It took a few minutes for the rehab center staff to understand what they were looking at. It looked as though the bird had a plastic bag around its face. As it turned out, someone had slashed the bird's pouch, the body part that dangles below its beak, which pelicans use to collect food. Then, they'd turned the pouch inside out and wrapped it tightly over the pelican's head.

"That was shocking," Russ says.

It required some effort for Russ to peel the pouch away from the bird's head to locate its other wounds. He saw that the animal had been stabbed multiple times. Russ says the bird lost a lot of blood and there was no way he could have reattached the pelican's pouch so it could heal. He didn't think the bird would survive the night and made the decision to euthanize it.

"[The pelican] looked like he would have had a lot of pain to re-heal," Russ says. "There would have been a lot of difficulties. It would have probably been painful to breathe. In a bad way, it was an easy decision to make. Sometimes there's nothing we can do, and it absolutely sucks."

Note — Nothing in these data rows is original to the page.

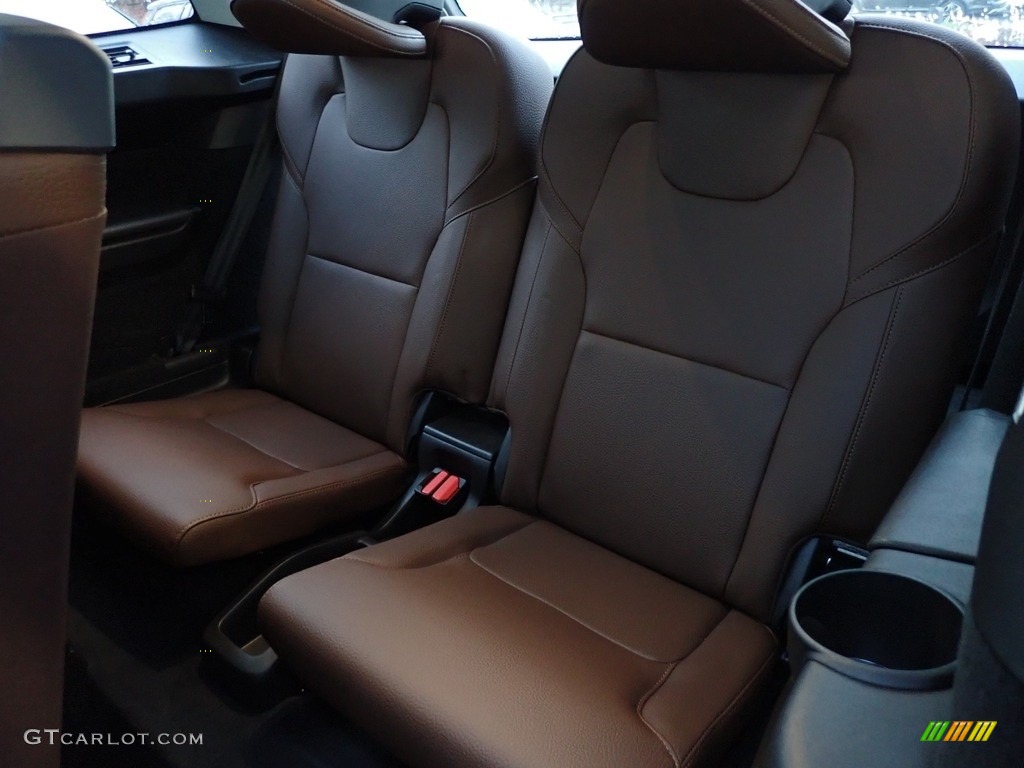 2019 XC90 T6 AWD Momentum - Denim Blue Metallic / Maroon photo #13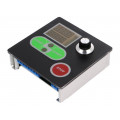 ZAD-1V2-24; Module: process analogue calibrator; IN 2: 4÷20mA; panel; 90x90mm; COBI ELECTRONIC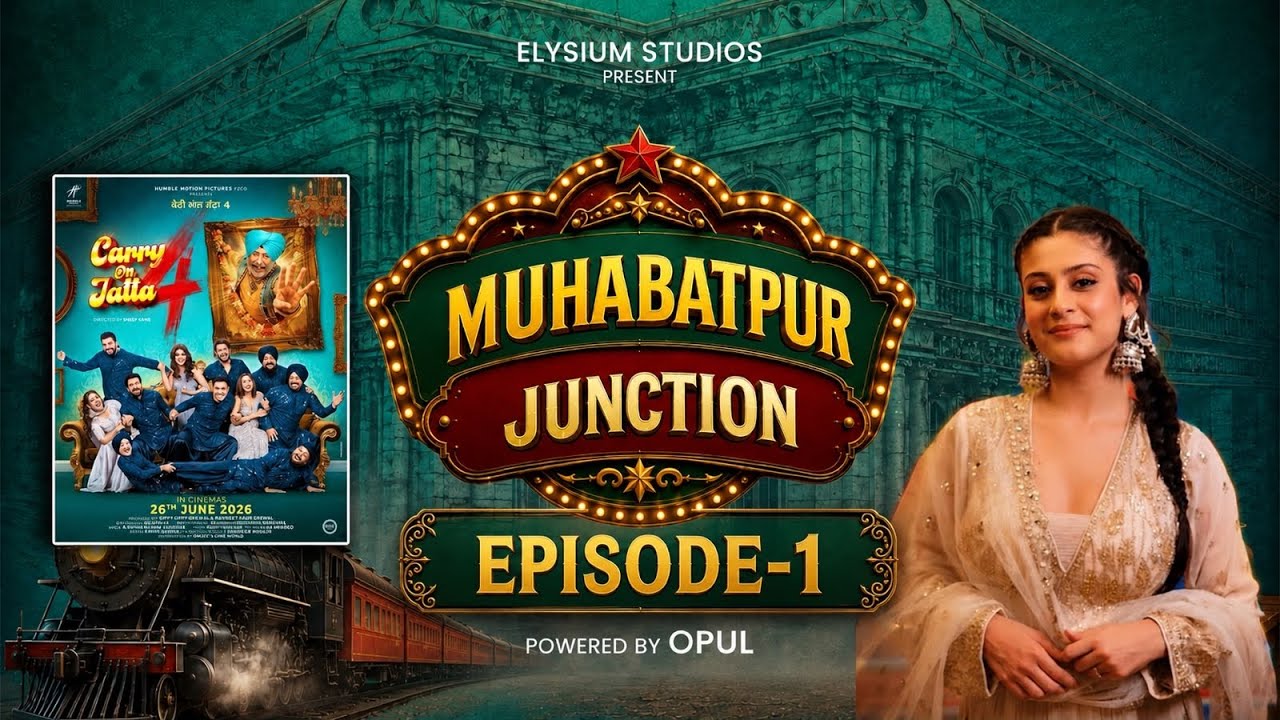 MUHABATPUR JUNCTION | Episode 1 - Isha Malviya |Gippy Grewal | Carry On Jatta 4 | New webshow 2026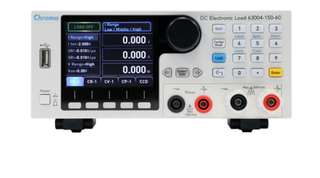 Chroma 63000 series DC electronic loads (250W & 350W)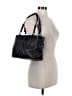 Coach 100% Leather Solid Black Leather Satchel One size - photo 2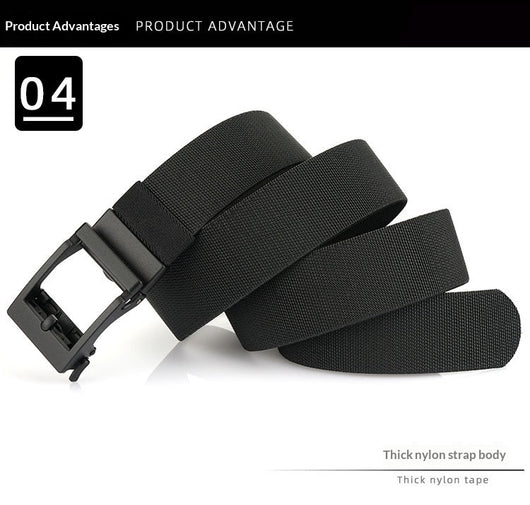 Cinturón Táctico Deportivo con Hebilla Automática Ajustable - Image 16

The incident last month wasn't the first time someone mutilated a pelican in the Florida Keys. In 2013, several pelicans were found with their pouches slit on Cudjoe Key and other islands in the Lower Keys. More than a dozen brown pelicans were found with their pouches slashed in late 2014 and early 2015 in Summerland and Cudjoe keys. And in January 2015, a security guard received a call about a mutilated pelican at the Venture Out Resort in Cudjoe Key.

The birds have also been found brutalized in other parts of the state. Earlier this year, a bird-rescue group treated 16 injured pelicans found on the Sunshine Skyway pier in Manatee County. And in 2015, a rescue group took in 18 pelicans that appeared to have been beaten.

Brown pelicans are protected under the Migratory Bird Treaty Act of 1918. It's against the law to injure the birds, and anyone found guilty of doing so is subject to fines and jail time.

The Florida Fish and Wildlife Conservation Commission (FWC) is investigating the recent case from Islamorada, and law-enforcement agencies in the Keys are sharing images of two men who are suspected of mutilating the animal.

An FWC spokesperson told New Times the agency could not discuss the case or provide additional information because it's under investigation, but Florida Keys Weekly reports that FWC investigators have interviewed the two suspects. No charges have been filed, and the suspects' names haven't been released.

Our law enforcement partners with the Florida Fish and Wildlife Conservation Commission are asking for the public's help...

Posted by MCSO - Florida Keys on Friday, March 19, 2021

After the bird was euthanized, the Florida Keys Wild Bird Rehabilitation Center's assistant director, Bayleigh MacHaffie, performed a necropsy — essentially an animal autopsy — and documenting the bird's injuries and appearance in detail.

"I can't confirm a timeframe, but they seemed like very recent injuries," MacHaffie tells New Times. "The blood was fresh. He had a lot of different wounds along his pouch, neck, beak, and head. Some of the wounds were more severe. A couple of slices went through his trachea, his glottis. Some puncture wounds went through the top of his skull. There was a puncture through the roof of the mouth and into the nasal cavity."

The center's executive director, Jordan Budnik, says whoever attacked the pelican must have used significant force to wrestle the skin over the bird. That kind of injury in itself can prove fatal, she says.

"A large-enough slash to a pelican pouch will result in that animal starving," Budnik says. "With tinier lacerations, it's not a problem. But extensive damage to a pouch impedes the animal from feeding itself."

In 1970, the U.S. Fish and Wildlife Service (FWS) declared the brown pelican endangered because of the threat posed by pesticide contamination. The federal government banned general use of the pesticide DDT in 1972, aiding the pelican population's recovery. By 1985, the FWS removed the brown pelican from the endangered list.

The brown pelican used to be on Florida's endangered and threatened species list because of habitat loss and injuries from fishing lines and hooks. It was removed from the endangered species list in 2017 but is now listed as an imperiled species.

It's not clear why pelicans specifically are the target of attacks. Some fishermen surmise it's because the birds can be nuisance. They sometimes snatch what fishermen catch or steal their bait. Budnik, the Florida Keys Wild Bird Rehabilitation Center director, says sometimes people hurt pelicans for a sadistic thrill.

"Maybe a year ago, a gentleman jumped on a pelican in Key West," he says. "Sometimes people just don't have empathy for these animals and do things because they don't feel they're harming them or don't care that they're harming that animal."

MacHaffie, the center's assistant director, says people sometimes hurt animals out of a sense of entitlement or because they feel the animal is an inconvenience — something she says is never justified.

"This might be our space, but it was their space first, and they're just trying to survive," she says. "Even if they attack you, they're just trying to survive. They can't communicate with us to tell us they're scared or that we're in their space. We need to respect those boundaries as humans and try to coexist with these animals."